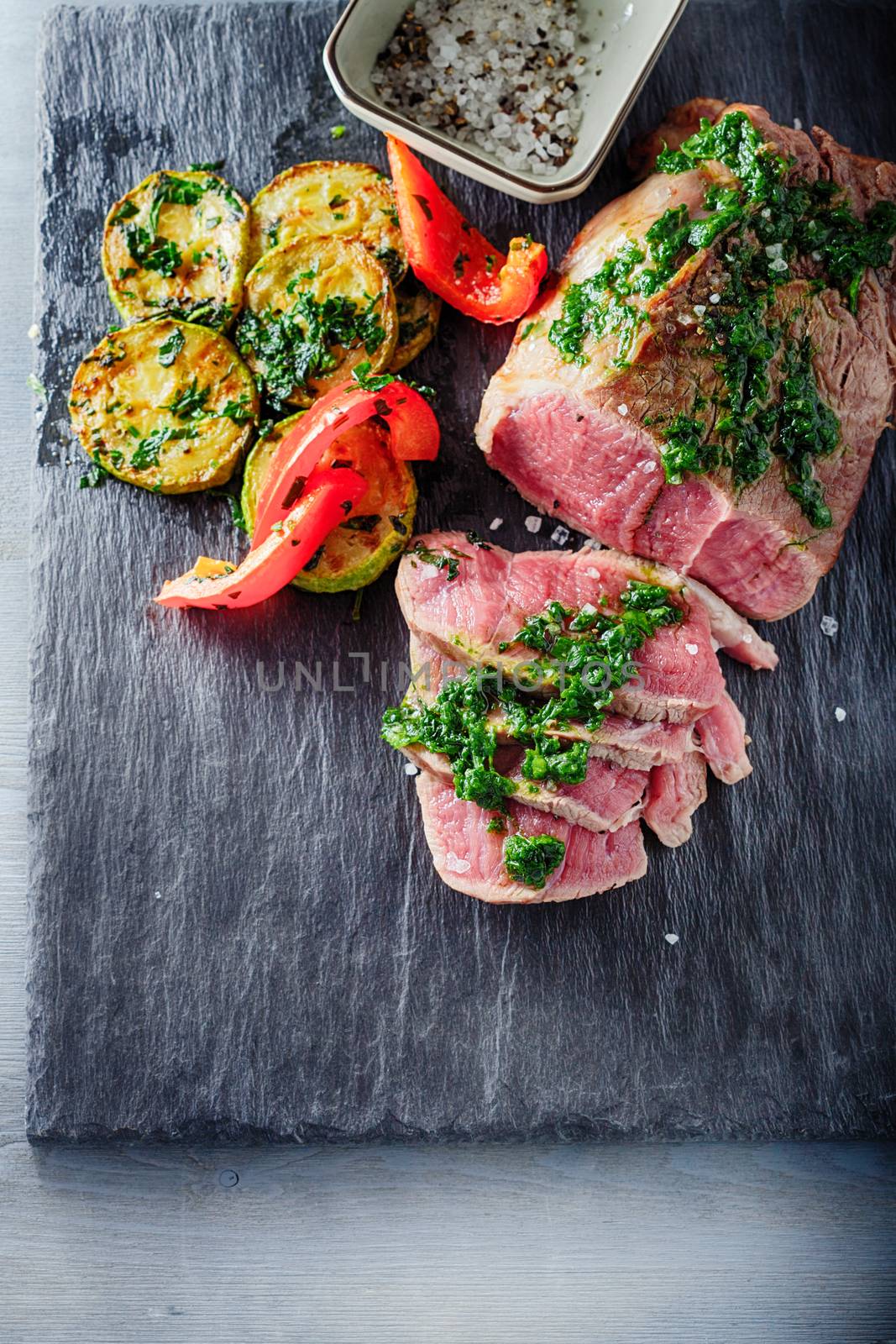 Roast Beef dinner with roasted zucchini, pepper and salsa verde
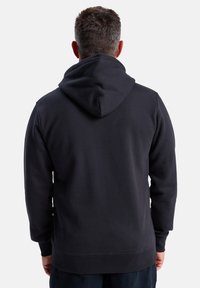 Dark gray hoodie with a fabric texture, featuring a hood and ribbed cuffs and hem. Back view shows smooth seam and minimalist design.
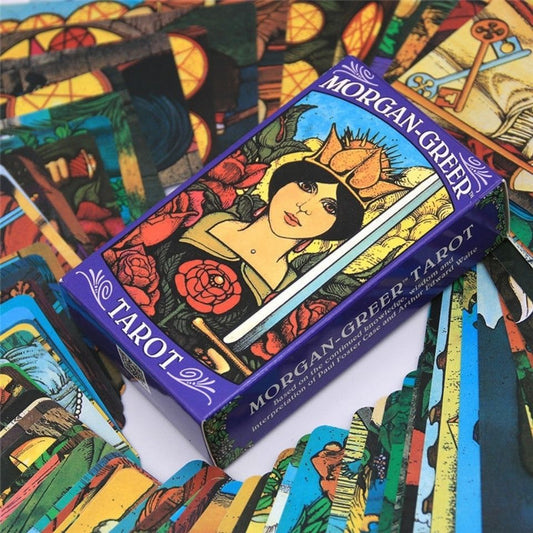 Morgan-Greer Tarot in a Tin by Bill F. Greer & Lloyd Morgan – 78-pocket-sized cards featuring rich, saturated colors and borderless illustrations, housed in a compact tin box with a 78-page guidebook.
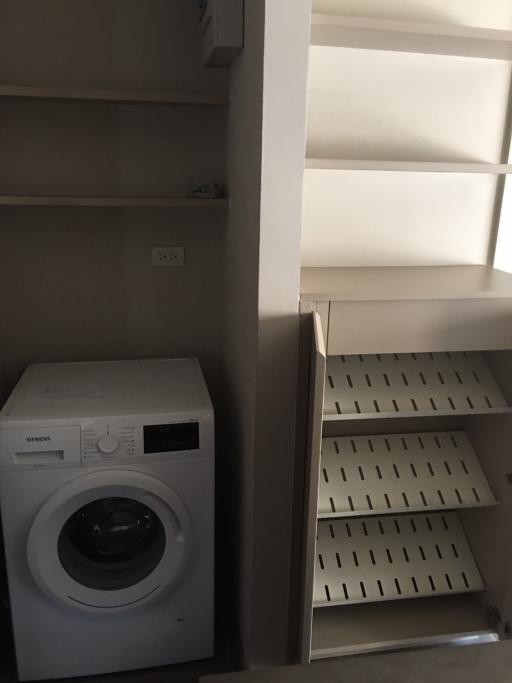 Compact laundry room with modern washing machine and built-in shelving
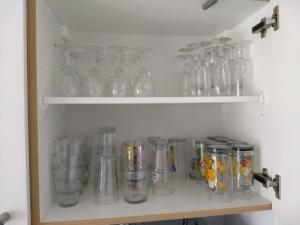 a shelf with many glass jars on it at De Haan - Dahlia 007 in De Haan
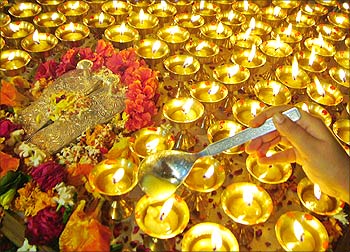 A Hindu devotee lights lamps during Diwali festival in Amritsar.
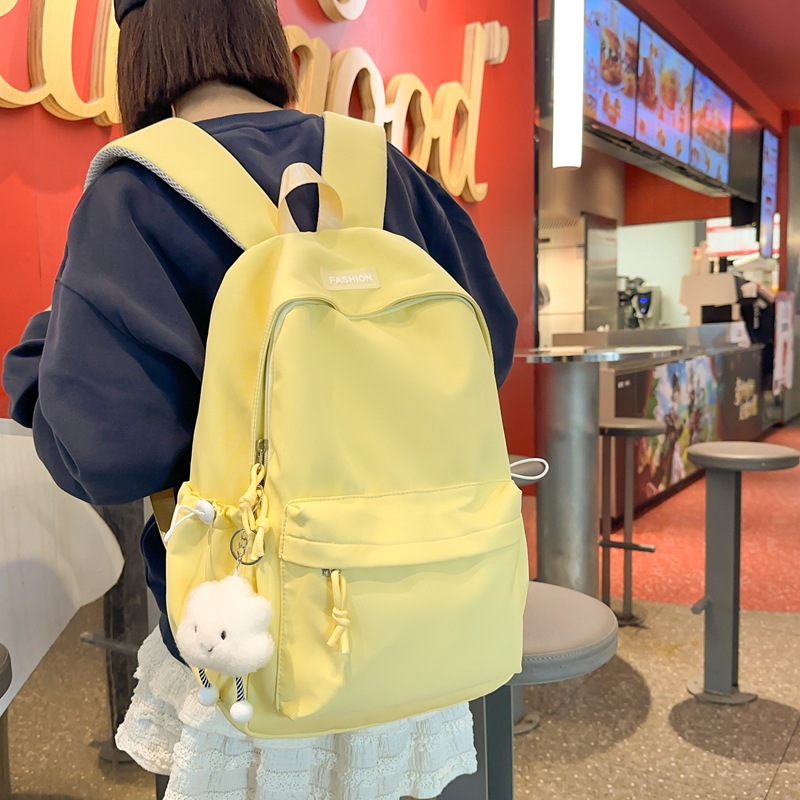 Fresh and sweet solid-color, versatile and simple schoolbag for junior and senior high school students, lightweight and large-capacity backpack for casual commuting outside full figure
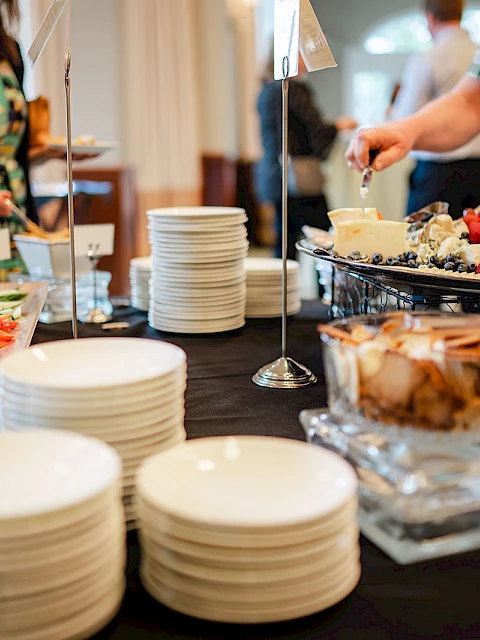 A buffet scene with stacked plates, a variety of salads and pastries, and guests serving themselves at a table.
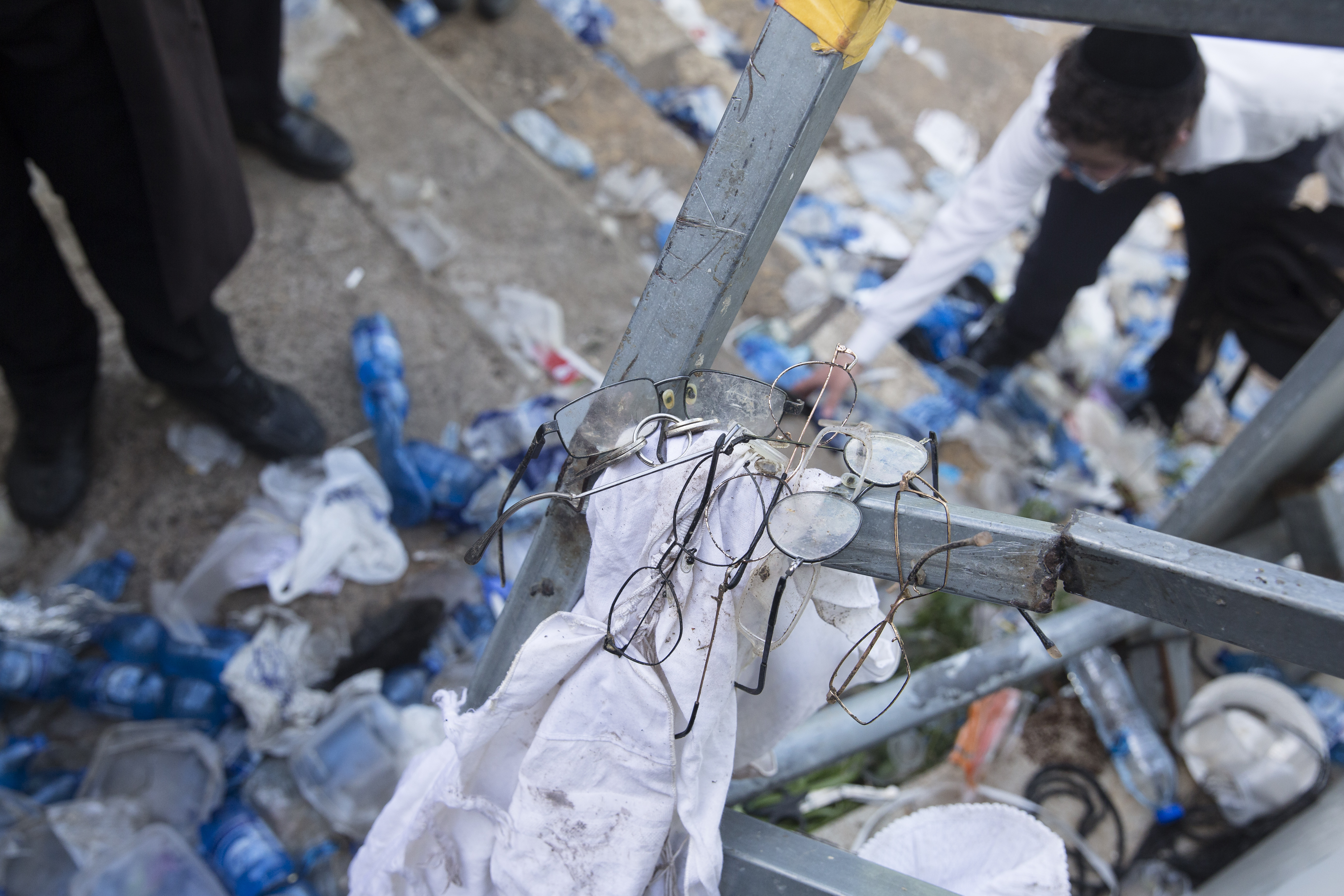 Glasses of Orthodox Jews left on a side walk as Orthodox Jews search for items left on the floor after dozens were killed in crush at a religious festival in Mount Meron, Israel.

------

WHAT NEEDS TO BE DONE.
From the material above, reproduce only what runs from the line holding "a shelf with" down to the line holding "A buffet scene", both included, pictures excluded.

ANSWER FOR THE TASK.
 a shelf with many glass jars on it at De Haan - Dahlia 007 in De Haan
 A Hindu devotee lights lamps during Diwali festival in Amritsar.
 Fresh and sweet solid-color, versatile and simple schoolbag for junior and senior high school students, lightweight and large-capacity backpack for casual commuting outside full figure
 A buffet scene with stacked plates, a variety of salads and pastries, and guests serving themselves at a table.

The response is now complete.